En Yo, Norma Desmond, Cristián Gómez vuelve a ensayar una poética donde lo político permea todas las esferas de lo cotidiano, con una variante que me parece importante: la dislocación de la racionalidad y la irrupción de una especie de deriva en el discurso revolucionario. Luego de décadas, la democracia chilena ha visto resurgir los discursos del odio: tras la vendetta histórica que pareció ser el primer ensayo de convención constitucional, la derecha sacó a relucir esa conciencia de clase que la caracteriza para, sin prejuicios, reivindicar la figura del dictador y su legado. La esquizofrenia política que significa esta regresión, tamizada por la eterna adolescencia de la izquierda y el fracaso del liberalismo conservador, ha provocado una desazón existencial en todos los que superamos cierta barrera etaria: sentimos que no podremos ver cambios significativos en la sociedad chilena, que se nos fue la última posibilidad o que estamos condenados a un eterno retorno de la tragedia.

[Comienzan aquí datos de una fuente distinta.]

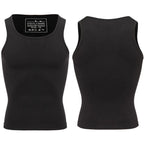 Men Slimming Body Shaper Belly Control Shapewear Man Shapers Modeling Underwear Waist Trainer Corrective Posture Vest Corset Fury Fits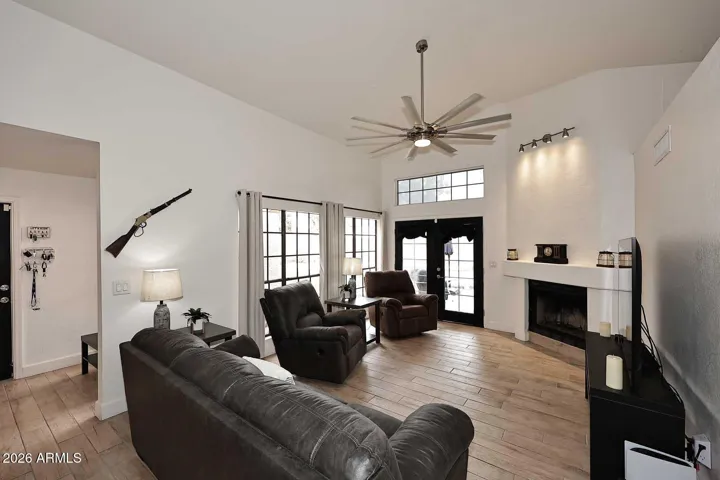 Nice open floorplan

No digo que este libro es consecuencia de ese devenir histórico, pero algunas tramas narrativas parecen encontrar un símil con este delirio político. El poema que se construye sobre el último discurso de Allende (“Cable  Permiso  Lagunas”) es un ejemplo. Lo leo y pienso que debe ser el texto que todos alguna vez quisimos escribir. O escribimos y borramos. Acá se resuelve de una manera, diremos, eficaz. La eficacia es resistir la tentación de ir intercalando desde el comienzo partes de ese último discurso entre los versos dislocados que componen el poema, y que entre ellos no guardan relación o son una simple enumeración de conceptos, una variante de la enumeración caótica que pareciera no buscar un efecto poético. Su efecto mismo está en esos últimos versos donde irrumpen las palabras del compañero presidente y su sola presencia le da una fuerza nueva a lo dicho. Gómez siempre cierra sus poemas de una manera que nos sorprende y si bien no podemos decir que se construyen para esos finales, son ellos en cierta medida los que nos hacen volver al texto de una manera inmediata.

Dije que en este libro la realidad se ha desquiciado, perdido esa lógica que al autor le gusta describir. Es así como “los manteles de plástico son una parte sustancial/ de la política del partido” (“Yo soy el que ayer no más decía”) o “los locales de comida rápida se construyeron/ para defender con uñas y dientes la democracia” (“Coda”). En la primera cita la presencia de Darío se hace sentir no solo en el título del poema, sino en la idea del exilio, el exiliado o extranjero que se sitúa desde esa extranjería frente al lenguaje. Gómez tiene esa capacidad para describir la perplejidad como una manera de estar en el mundo o para no sentirse parte de él. La realidad siempre se le aparece –o parece– ajena. Para entender lo que orbita a su alrededor saca los manuales de materialismo dialéctico (“que guía/ y conduce a la Historia./ Salvo esta”), la biografía, la historia y entonces el poema resulta un cóctel de hagiografía profana y paradójica: Massis, Barquero, Rojas, Díaz Varín, Llanos Melussa, Harris, Cociña; o Darío, Dickinson, O´Hara, Riding, Antin son convocados para venir en ayuda de la escritura tanto como la chica que atiende un café a kilómetros de distancia. La aparición de esta figura femenina puede ayudarnos también a entender cómo funciona la memoria en estos poemas: se recuerda, pero no se recuerda, se inventa, pero no se inventa: la historia está ahí, como una herida que no cierra. El recuerdo, por ejemplo, de quienes eran arrojados al mar con un riel amarrado a la espalda, vuelve una y otra vez como una insistencia para que no olvidemos. Aventuro que más allá de la desconfianza que Gómez le imprime a sus poemas, y del prestigio que todavía puede tener el escepticismo, subyace a estos textos una secreta confianza que escribimos para redimirnos y redimir a la especie.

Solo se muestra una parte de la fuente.